- [Problem]: Print the data exactly. Omit the pictures.

- [Supplied information]:
*** Block opens ***

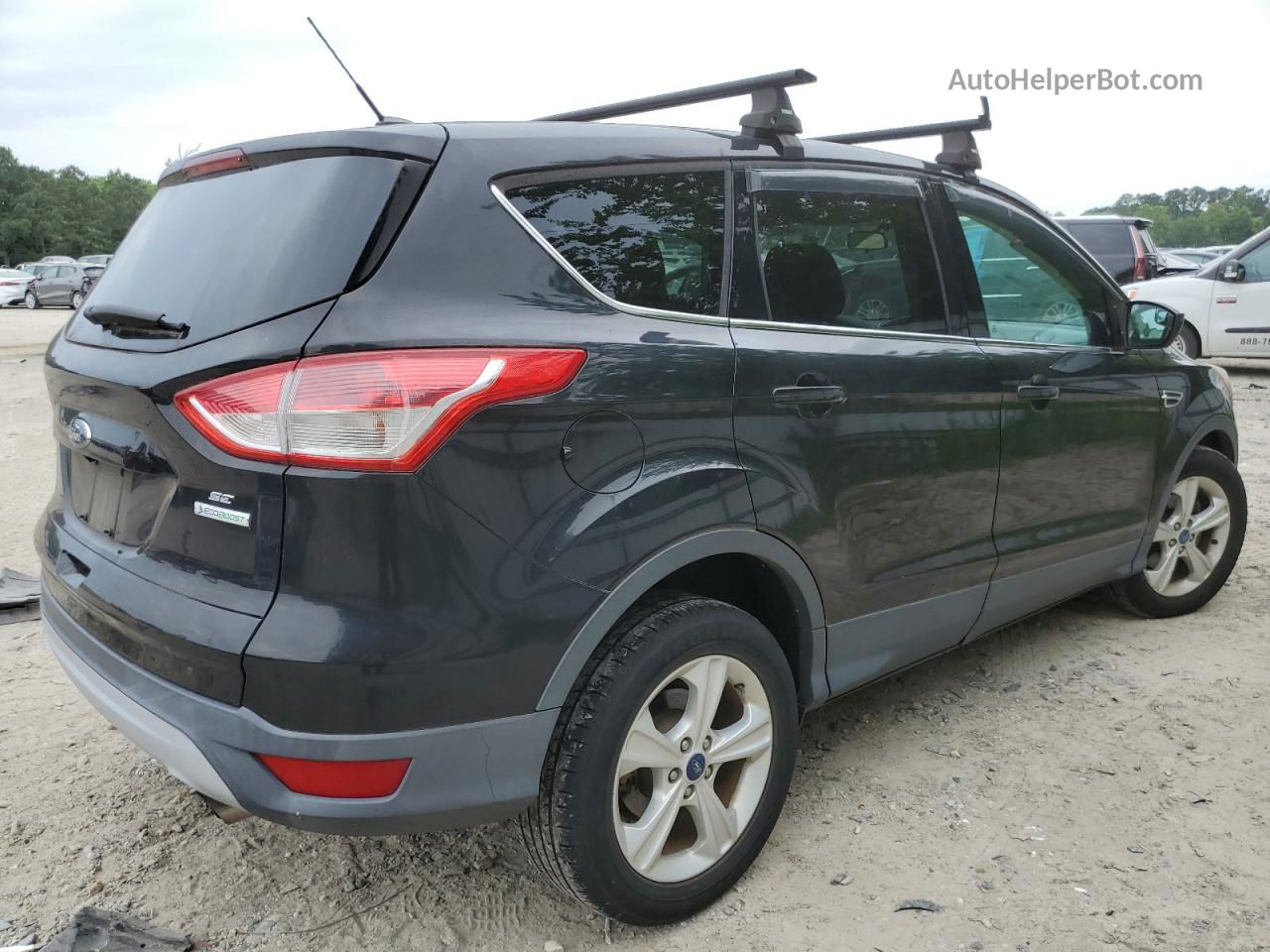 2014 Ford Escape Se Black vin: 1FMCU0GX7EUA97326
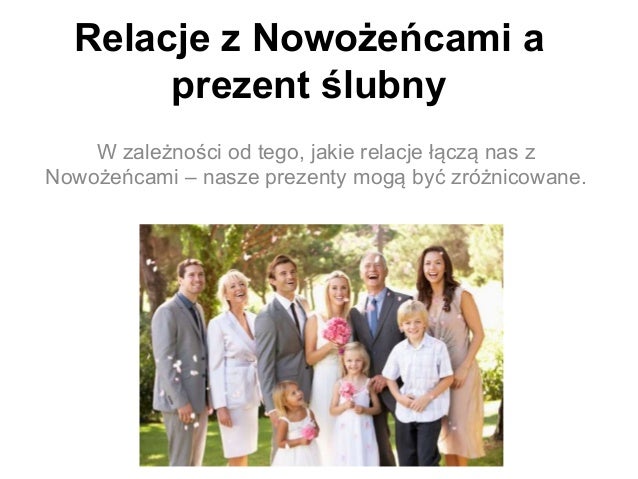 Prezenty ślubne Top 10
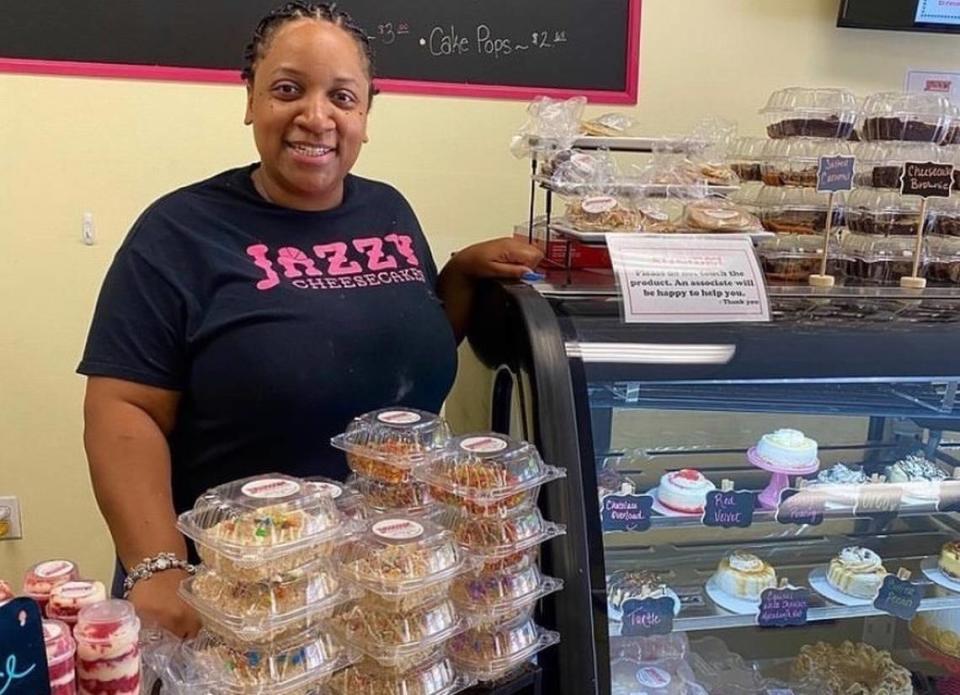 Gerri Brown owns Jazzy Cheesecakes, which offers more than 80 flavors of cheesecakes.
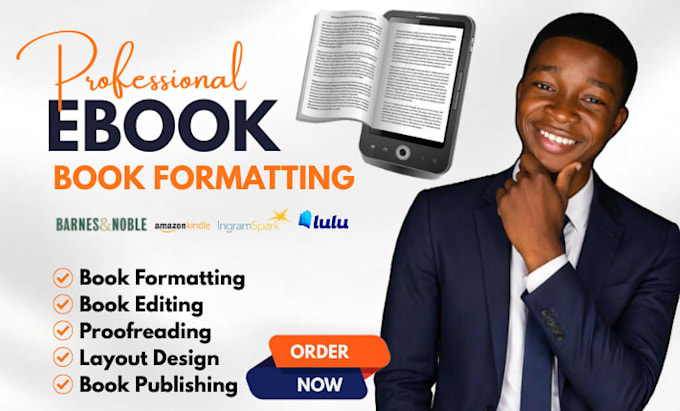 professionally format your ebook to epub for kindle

*** Block closes ***

- [Your response]:
 2014 Ford Escape Se Black vin: 1FMCU0GX7EUA97326
 Prezenty ślubne Top 10
 Gerri Brown owns Jazzy Cheesecakes, which offers more than 80 flavors of cheesecakes.
 professionally format your ebook to epub for kindle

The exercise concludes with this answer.